Being on vacation is a funny sort of thing. You’re off in your own world for a week, drinking mass quantities of wine and Starbucks, only to come home and have to catch up on what the world was doing without you. I went away for one week and Simon Cowell has already gotten himself a love child. One week!


The vacation was indeed lovely. San Francisco is full of hills, colourful houses, sea lions, and unfortunately poverty. It’s quite foggy, quite pretty, and sourdough abounds. You can’t go anywhere without being confronted by sourdough baguette; it’s rather nice.


Now, ordinarily when I travel I prefer to buy a guide book and a transit pass and build my own adventure. That’s what Hilary and I did in London and it was spectacular, mostly because the Tube is incredibly efficient, and we just made our way to all our favourite tourist spots. But San Francisco hasn’t got very good public transit, which is mildly ironic, considering they invented the cable car. Streetcars abound, but it’s rather like hopping on a city bus. Not that there’s anything wrong with city busses, but they’re less convenient than subways, especially when you’re travelling in a pack of six.


So, instead, we bought a hop-on-hop-off tour bus package.
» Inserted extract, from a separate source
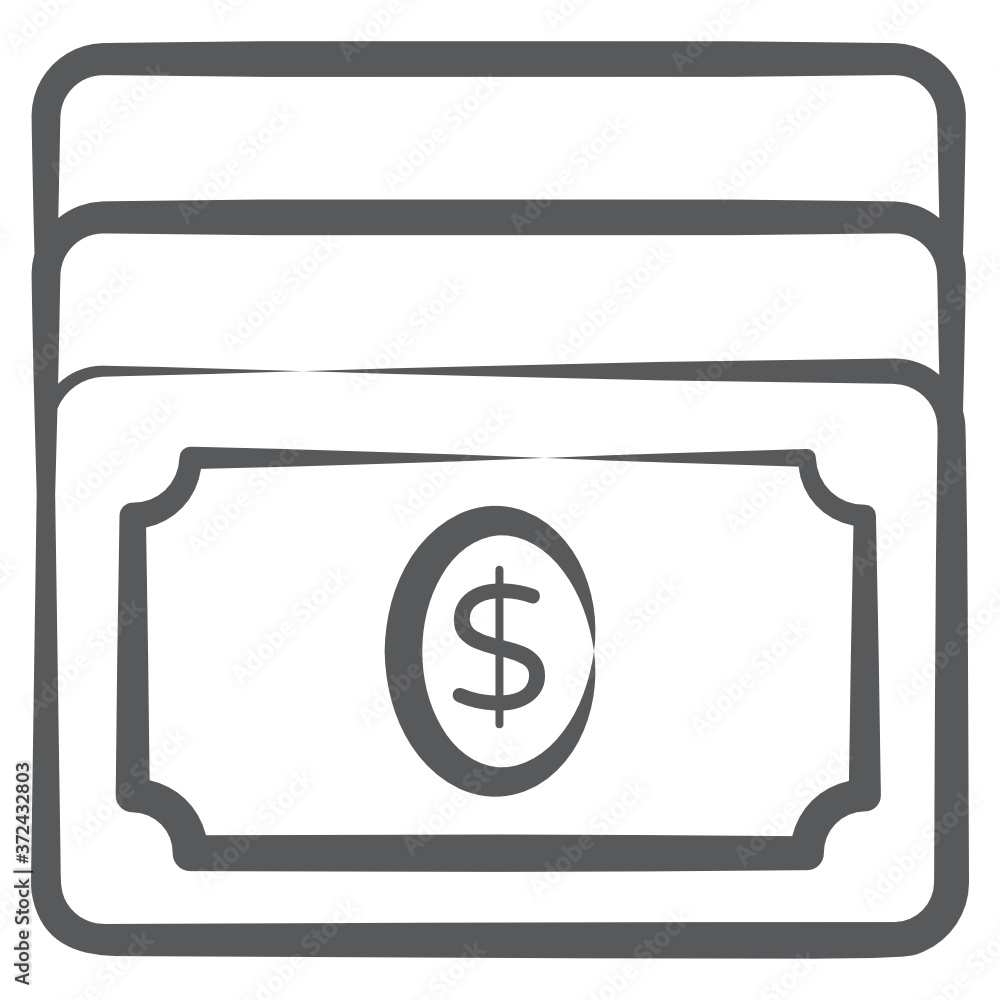 
Dollar stack, banknote icon in hand drawn design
And let me tell you, it was extraordinary. There’s something to be said for an organized tour. We learnt so much: San Fran’s China town isn’t the largest in the US, but it was the first; in the 1800s 75% of the city burnt to the ground; to rent a one bedroom apartment would cost about $1,300/month depending on the neighbourhood (and that only gets you a bedroom. You share bathroom, kitchen, and living room.) It was really interesting, and it was really convenient. We could hop on the bus in Fisherman’s Warf and ride it to Union Square all while getting interesting tidbits of trivia. We could hop on the bus and take a (chilly) night tour to Treasure Island. (Sadly there were no Muppets.)


For someone who doesn’t like organized activities, I really enjoyed this organized tour. San Fran is not really that large of a city, and yet the tourist attractions are all rather spread out. Rather than just plot my course in my trusty guidebook, I could just hop on the double decker and be taken to all the popular tourist spots. In a big, big city (like New York, or Paris) I’d still buy my guidebook and walk around for ages. But in a small big city like San Fran the bus tour was the perfect solution. Who knew?